Recommended fits

The tolerances for the bore and outside diameters of rolling bearings are internationally standardized, see section Tolerances.
To achieve an interference or a clearance fit for bearings with a cylindrical bore and cylindrical outside diameter, suitable tolerance ranges for the seats on the shaft and in the housing bore are selected from the ISO tolerance system. Only a limited number of ISO tolerance grades need be considered for rolling bearing applications. The location of the most commonly used grades relative to the bearing bore and outside diameter tolerances are illustrated in fig 1.
Bearings with a tapered bore are mounted either directly on tapered shaft seats or on adapter or withdrawal sleeves, having an external taper, which are fitted to cylindrical shaft seats. In these cases, the fit of the bearing inner ring is not determined, as for bearings with a cylindrical bore, by the selected shaft tolerance but by the distance through which the ring is driven up on its tapered seat or sleeve. Special precautions with respect to the reduction of the internal clearance must be observed as mentioned in the sections Self-aligning ball bearings, Spherical roller bearings and CARB® toroidal roller bearings.
If the bearings are to be secured using adapter or withdrawal sleeves, larger diameter tolerances are permitted for the sleeve seat, but the tolerances for cylindricity must be tighter, see section Dimensional, form and running accuracy of bearing seats and abutments.

Tables with recommendations for fits

Recommendations for bearing fits for solid steel shafts can be found in:
  • Radial bearings with cylindrical bore (except precision bearings) (table)
  • Radial bearings with higher accuracy (table)
  • Thrust bearings (except precision bearings) (table)
  • Thrust bearings with higher accuracy (table)
Recommendations for bearing fits for cast iron and steel housings can be found in:
  • Radial bearings (except precision bearings) in non-split housings (table)
  • Radial bearings (except precision bearings) in split or non-split housings (table)
  • Radial bearings with higher accuracy (table)
  • Thrust bearings (except precision bearings) (table)
  • Thrust bearings with higher accuracy (table)
These recommendations for modern bearings are based on the general selection guidelines described above, developments in bearing design and years of experience for a very wide range of bearing arrangements and applications. Modern bearings can carry substantially greater loads than previous conventional bearings and the recommendations reflect these more demanding conditions.

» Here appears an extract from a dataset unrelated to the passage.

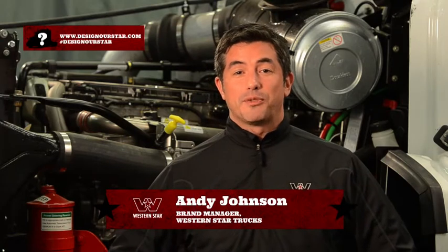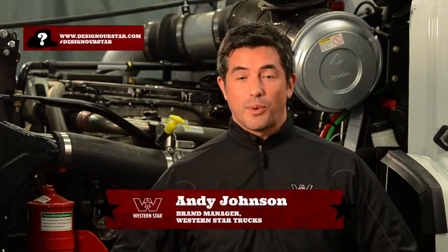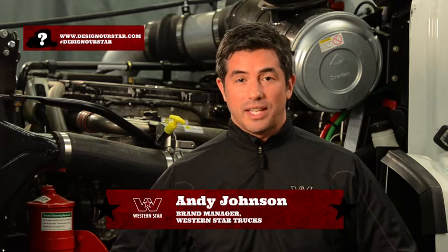Hi everyone, I'm Andy Johnson, Brand Manager for Western Star Trucks, and welcome to the fourth round of our Design Our Truck Challenge. This week you are choosing engines, which is extremely important. We've got three choices for you as well.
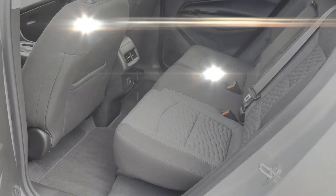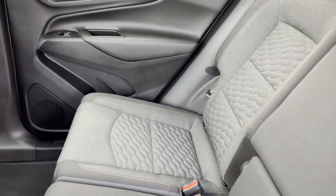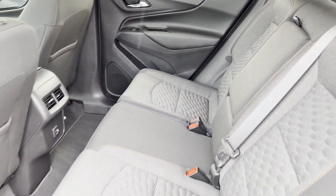Power Driver Seat, Pass-Through Rear Seat, Bluetooth, Keyless Start, Power Outlet, and Keyless Entry.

The tables of housing tolerance recommendations also provide information as to whether the outer ring can be axially displaced in the housing bore. Using this information it is possible to check whether the chosen tolerance is suitable for non-separable bearings that are to be used in the non-locating position and cannot accommodate axial displacement within the bearing.


For applications with stainless steel bearings, the recommended tolerances in tables table T1, table, table, table and table apply, but the restrictions in the footnotes 2) and 3) in table T1 shall be taken into account. The footnote 1) in table T1 is not valid for stainless steel bearings. If tighter fits than those recommended in table T1 are needed, please contact the SKF application engineering service. It also may be necessary to consider the initial bearing clearance, e.g. when using stainless steel shafts at elevated temperatures.